Super simple question about an example of the module of differentials of a polynomial ring

Question

This will no doubt be a very simple question, but I am clearly missing something. Assume all rings are commutative with identity. Let $B$ be an $A$-algebra and denote the map $$ \mu: B \otimes_{A} B \longrightarrow B $$ determined by multiplication. Let $I$ denote the kernel of $\mu$. It is a well known fact that the module of differentials of $B$ over $A$ can be given by $$ \Omega_{B/A} = I/I^{2} $$ Now suppose $k$ is a field and we construct the polynomial ring $B = k[x]$. Then we have the map $$ \mu: k[x] \otimes_{k} k[x] \longrightarrow k[x] $$ determined just by polynomial multiplication. But $k[x]$ is an integral domain so the kernel of $\mu$ is surely only those tensor products $f \otimes g$ with either $f$ or $g$ being $0$. But it is also not true that $\Omega_{B/k} = 0$, since $\Omega_{B/k}$ is the free module generated by the symbol $dx$. I am brand new to modules of differentials and so am very clearly missing some basic point here.

Answer 1

The tensor product is over $k$, not $k[x]$. An example of an element in the kernel $I$ is $x^r\otimes x^s-x^s\otimes x^r$ with $r<s$. This is a nonzero element of $k[x]\otimes_k k[x]$ as the $x^r\otimes x^s$ form a vector space basis for this tensor product. These $x^r\otimes x^s-x^s\otimes x^r$ form a vector space basis for $I$ and the $\phi_s=1\otimes x^s-x^s\otimes 1$ for $s\ge1$ form a free generating set for $I$ as a $k[x]$-module.

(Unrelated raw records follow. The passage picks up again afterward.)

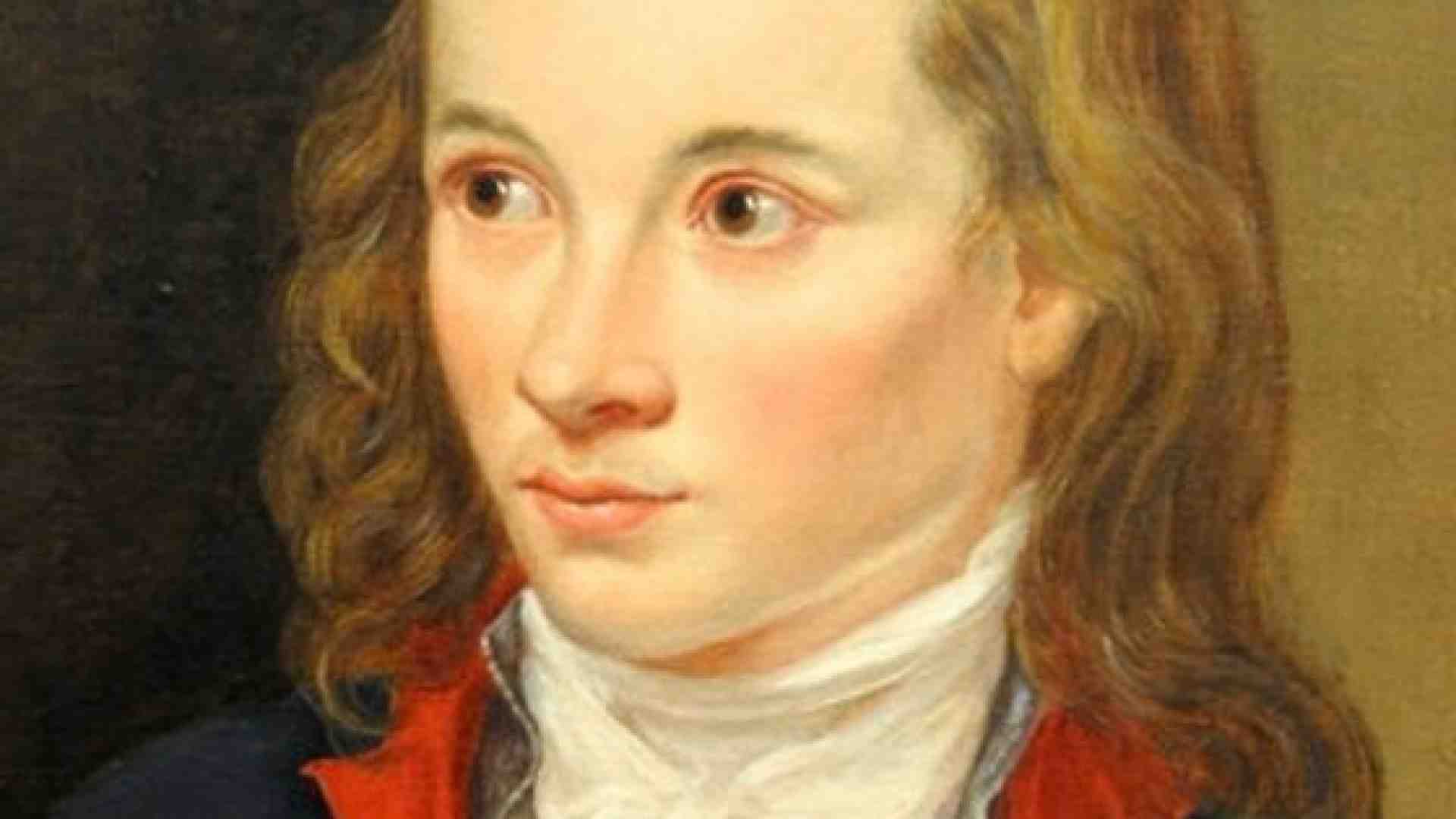 Novalis, il padre dal Romanticismo tedesco, da studente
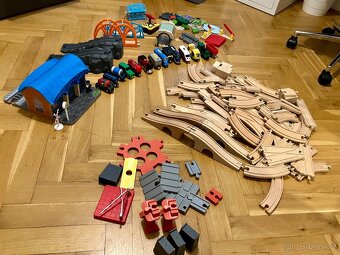 Velká sada vláčků a kolejí - 3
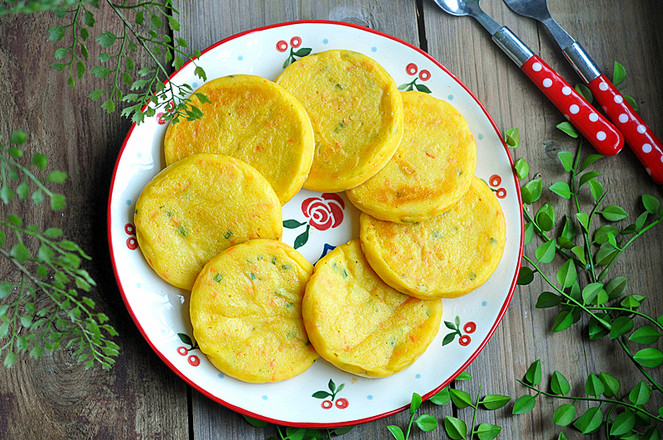 玉米發面餅的做法-家常味煎菜譜-易網健康養生網 玉米發面餅的做法-家常味煎菜譜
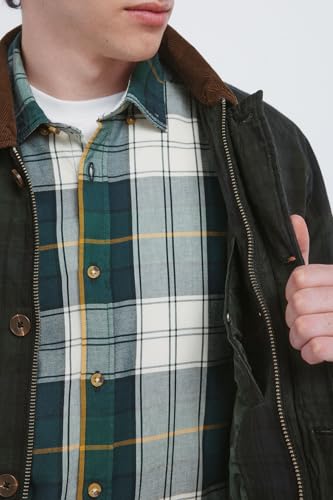 Chaqueta de cuadros Springfield para tus escapadas de fin de semana y tardes de campo 4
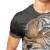 Summer 2022 Custom Printed Logo Tiger Pattern Men T-Shirt High Quality Trend Street T-Shirt Breathable Polyester T-Shirt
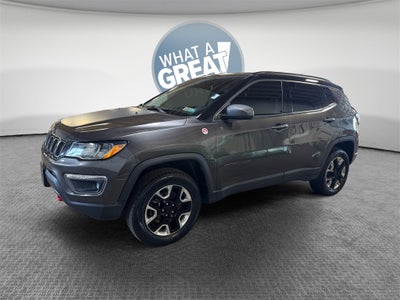 2017 Jeep Compass Trailhawk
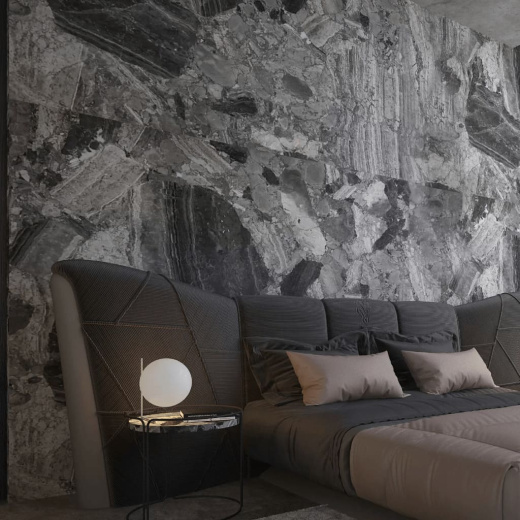 Мрамор Silver River Brecchia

Now $$\phi_s\phi_t=1\otimes x^{s+t}-x^s\otimes x^t-x^t\otimes x^s + x^{s+t}\otimes1=\phi_{s+t}-x^s\phi_t-x^t\phi_s$$ so that $$\phi_{s+t}\equiv x^s\phi_t+x^t\phi_s\pmod{I^2}.$$ By induction $$\phi_s\equiv sx^{s-1}\phi_1$$ so that $I/I^2$ is generated by the image of $\phi_1$ in $I/I^2$ which we call $dx$. The existence of the standard derivation on $k[x]$ shows that $dx\ne0$ and indeed $I/I^2$ is free of rank one on $dx$.

Answer 2

Even if $B$ is an integral domain, the kernel of the multiplication map $\mu: B \otimes B \to B$ is not in general $0$, since for any $b \in B$, we have $1 \otimes b - b \otimes 1 \in \text{ker}(\mu)=I$. In fact, the map $B \to I/I^2$ given by $b \mapsto 1 \otimes b - b \otimes 1$ satisfies the univeral property of the module of Kahler differentials so that $\Omega_{B/A} \cong I/I^2$.